━━ Material for this exercise ━━

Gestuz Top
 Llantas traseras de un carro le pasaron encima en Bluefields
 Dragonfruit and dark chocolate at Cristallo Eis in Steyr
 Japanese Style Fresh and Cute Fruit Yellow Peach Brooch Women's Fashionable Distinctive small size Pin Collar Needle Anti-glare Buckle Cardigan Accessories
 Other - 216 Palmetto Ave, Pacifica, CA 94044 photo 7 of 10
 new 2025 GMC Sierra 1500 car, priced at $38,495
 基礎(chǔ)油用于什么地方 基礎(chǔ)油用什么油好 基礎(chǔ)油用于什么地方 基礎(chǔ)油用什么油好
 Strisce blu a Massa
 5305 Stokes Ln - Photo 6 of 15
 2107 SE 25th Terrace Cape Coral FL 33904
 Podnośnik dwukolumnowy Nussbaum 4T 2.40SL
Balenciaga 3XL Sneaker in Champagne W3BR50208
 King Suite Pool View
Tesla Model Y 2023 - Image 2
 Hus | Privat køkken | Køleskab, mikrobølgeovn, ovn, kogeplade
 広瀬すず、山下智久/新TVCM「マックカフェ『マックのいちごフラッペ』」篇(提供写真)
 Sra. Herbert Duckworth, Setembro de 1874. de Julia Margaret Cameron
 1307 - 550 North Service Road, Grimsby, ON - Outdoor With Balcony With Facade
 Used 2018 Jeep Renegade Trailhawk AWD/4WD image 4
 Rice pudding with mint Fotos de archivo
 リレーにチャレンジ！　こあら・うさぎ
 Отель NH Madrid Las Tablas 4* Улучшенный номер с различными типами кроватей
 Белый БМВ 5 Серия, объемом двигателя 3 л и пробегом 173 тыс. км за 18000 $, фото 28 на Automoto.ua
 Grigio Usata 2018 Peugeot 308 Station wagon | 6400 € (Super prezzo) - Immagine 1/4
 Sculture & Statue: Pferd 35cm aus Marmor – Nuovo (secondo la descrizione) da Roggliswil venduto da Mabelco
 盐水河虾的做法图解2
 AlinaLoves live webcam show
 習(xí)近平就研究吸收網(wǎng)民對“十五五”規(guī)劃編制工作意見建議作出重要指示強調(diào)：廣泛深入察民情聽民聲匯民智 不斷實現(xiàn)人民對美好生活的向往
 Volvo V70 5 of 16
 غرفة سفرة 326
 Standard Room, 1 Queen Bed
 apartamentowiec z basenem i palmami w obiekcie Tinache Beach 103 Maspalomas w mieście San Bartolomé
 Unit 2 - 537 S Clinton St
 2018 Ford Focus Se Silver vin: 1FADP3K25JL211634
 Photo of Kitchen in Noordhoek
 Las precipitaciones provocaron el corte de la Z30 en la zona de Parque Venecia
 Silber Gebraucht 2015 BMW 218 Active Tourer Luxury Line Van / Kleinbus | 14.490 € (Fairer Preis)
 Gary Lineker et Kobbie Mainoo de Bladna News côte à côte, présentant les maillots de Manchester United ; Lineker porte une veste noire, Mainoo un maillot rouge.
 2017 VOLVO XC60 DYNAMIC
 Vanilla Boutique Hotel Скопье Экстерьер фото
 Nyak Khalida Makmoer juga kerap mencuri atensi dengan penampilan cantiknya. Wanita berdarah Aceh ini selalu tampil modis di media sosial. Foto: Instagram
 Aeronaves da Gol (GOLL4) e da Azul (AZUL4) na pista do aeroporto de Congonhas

━━━

**Your instructions**.
Going through the data above, return each line with the word "фото".

**Exercise output**.
 Белый БМВ 5 Серия, объемом двигателя 3 л и пробегом 173 тыс. км за 18000 $, фото 28 на Automoto.ua
 Vanilla Boutique Hotel Скопье Экстерьер фото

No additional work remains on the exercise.